▶ Activity
The answer is the full listing below, copied exactly, with its pictures omitted.
(Data below)
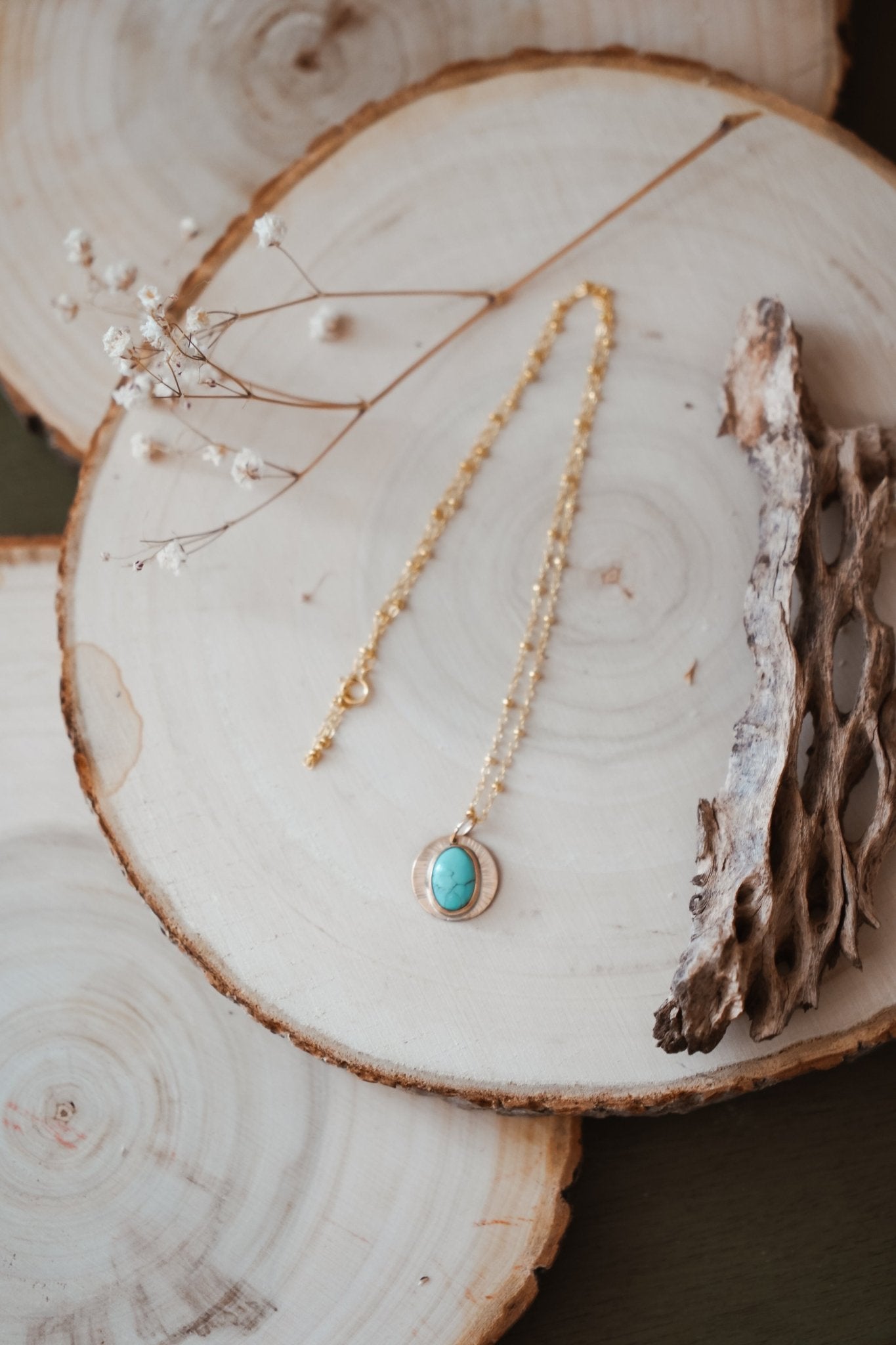 14k Gold - Fill Necklace in Carico Lake Turquoise - Golden Road Crafted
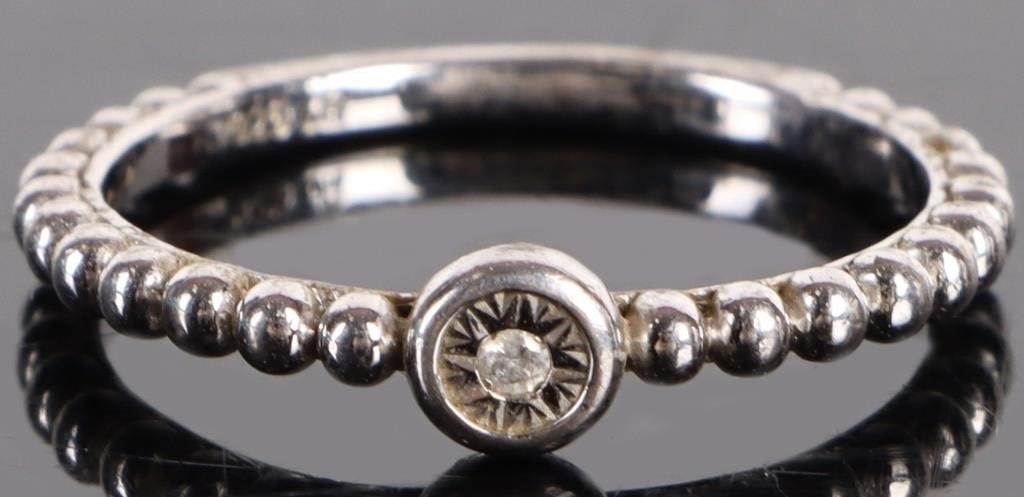 DIAMOND BEZEL BEADED STERLING SILVER RING (1 of 3)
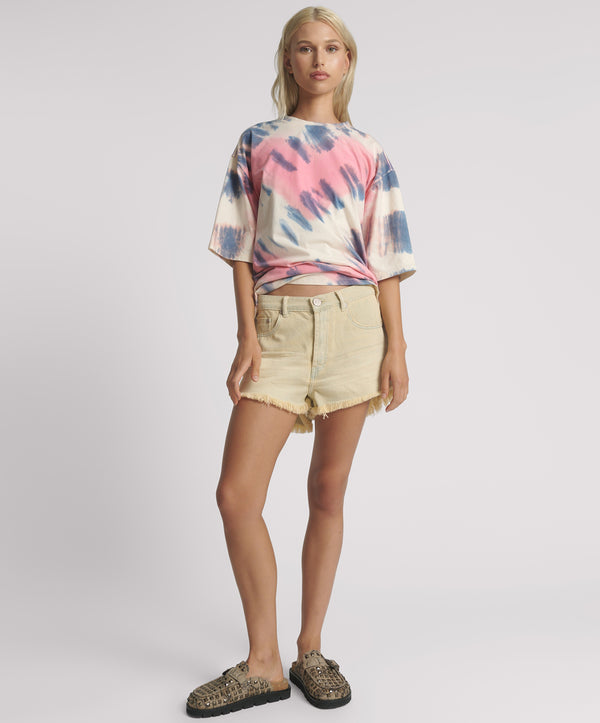 Outlaws Low Waist Mid Length Denim Shorts - Sunkissed Cream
(End Data below)
▶ Output of the task
 14k Gold - Fill Necklace in Carico Lake Turquoise - Golden Road Crafted
 DIAMOND BEZEL BEADED STERLING SILVER RING (1 of 3)
 Outlaws Low Waist Mid Length Denim Shorts - Sunkissed Cream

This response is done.